April 20, 2024

Business and human rights

#UPDATE: Adam Kanzer from Domini Social Investments, who is also testifying at the hearing today, will be speaking specifically to the Ruggie framework referenced below. Tune in at 2pm EST (10pm Sudan)

U.S.-based citizen advocacy for Darfur has not had the impact on Darfur that activists who first got involved had hoped. But what it has done is put some pieces in place that can, if implemented thoughtfully and sustained over time, improve the international community’s response to mass atrocity crimes in the future.
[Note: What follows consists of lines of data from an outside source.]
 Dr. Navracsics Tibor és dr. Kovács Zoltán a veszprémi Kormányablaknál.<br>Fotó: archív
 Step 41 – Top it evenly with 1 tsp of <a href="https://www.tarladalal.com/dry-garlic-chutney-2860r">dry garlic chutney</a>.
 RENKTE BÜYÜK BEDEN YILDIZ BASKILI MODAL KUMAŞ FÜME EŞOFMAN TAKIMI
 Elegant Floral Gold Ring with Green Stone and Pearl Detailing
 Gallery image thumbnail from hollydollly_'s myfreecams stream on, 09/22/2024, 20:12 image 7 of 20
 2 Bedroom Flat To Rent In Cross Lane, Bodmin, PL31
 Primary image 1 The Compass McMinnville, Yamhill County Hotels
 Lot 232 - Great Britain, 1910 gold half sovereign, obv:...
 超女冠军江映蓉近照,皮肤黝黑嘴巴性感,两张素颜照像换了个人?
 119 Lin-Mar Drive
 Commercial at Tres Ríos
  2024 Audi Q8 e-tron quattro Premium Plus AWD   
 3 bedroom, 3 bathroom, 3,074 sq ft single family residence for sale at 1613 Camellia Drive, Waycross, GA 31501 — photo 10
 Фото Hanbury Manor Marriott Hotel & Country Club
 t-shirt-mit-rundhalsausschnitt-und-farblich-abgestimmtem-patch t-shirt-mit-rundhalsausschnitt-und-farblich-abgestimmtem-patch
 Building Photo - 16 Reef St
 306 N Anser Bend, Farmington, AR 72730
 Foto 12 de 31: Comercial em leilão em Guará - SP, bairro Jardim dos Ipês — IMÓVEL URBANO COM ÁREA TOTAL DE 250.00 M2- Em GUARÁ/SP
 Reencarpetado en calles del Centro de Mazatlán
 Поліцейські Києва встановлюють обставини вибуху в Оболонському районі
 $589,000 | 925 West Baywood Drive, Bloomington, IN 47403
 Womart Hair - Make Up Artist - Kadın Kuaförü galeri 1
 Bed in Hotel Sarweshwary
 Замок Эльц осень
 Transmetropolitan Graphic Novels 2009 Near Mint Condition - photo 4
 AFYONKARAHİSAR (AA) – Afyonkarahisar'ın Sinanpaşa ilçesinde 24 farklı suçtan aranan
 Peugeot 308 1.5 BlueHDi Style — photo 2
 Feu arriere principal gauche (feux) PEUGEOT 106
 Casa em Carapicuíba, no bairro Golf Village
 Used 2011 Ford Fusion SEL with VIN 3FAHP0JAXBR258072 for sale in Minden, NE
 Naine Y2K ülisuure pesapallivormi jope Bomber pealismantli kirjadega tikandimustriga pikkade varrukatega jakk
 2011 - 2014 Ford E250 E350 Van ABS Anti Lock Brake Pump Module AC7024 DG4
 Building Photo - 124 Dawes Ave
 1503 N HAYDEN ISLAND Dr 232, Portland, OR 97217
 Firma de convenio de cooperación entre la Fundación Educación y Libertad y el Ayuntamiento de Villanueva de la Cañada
One of the most promising of these pieces comes from the groundwork laid by the Conflict Risk Network (formerly the Sudan Divestment Task Force) and Investors Against Genocide.

Today, Eric Cohen of Investors Against Genocide will testify before the House Financial Services Subcommittee on International Monetary Policy and Trade, urging Congress to adopt legislative recommendations to “provide useful guidance for financial institutions regarding human rights abuses, without limiting their ability to make the investments they choose . . . [and] . . . make it much easier for individual investors to be able to choose to avoid connections to the worst human rights abuses.”

You can watch the hearing live at this weblink, starting at 2pm EST.

On a related note, Harvard professor John Ruggie has, over the past five years, been doing something that too few manage – taken on one of the UNSG’s Special Representative positions and actually started to move a complex issue forward. Tasked with looking at the challenges that lie at the intersection of business and human rights, he has been doing extensive global and interdisciplinary stakeholder consultations; his recommendations in the form of a draft Guiding Principles are now open for comment.

The Guidelines “elaborate and clarify for companies, states, and other stakeholders how they can operationalize the UN ‘Protect, Respect and Remedy’ Framework” which was endorsed unanimously by the UN Human Rights Council in 2008. You can access the guidelines and a forum to debate them online until Jan. 31, 2011.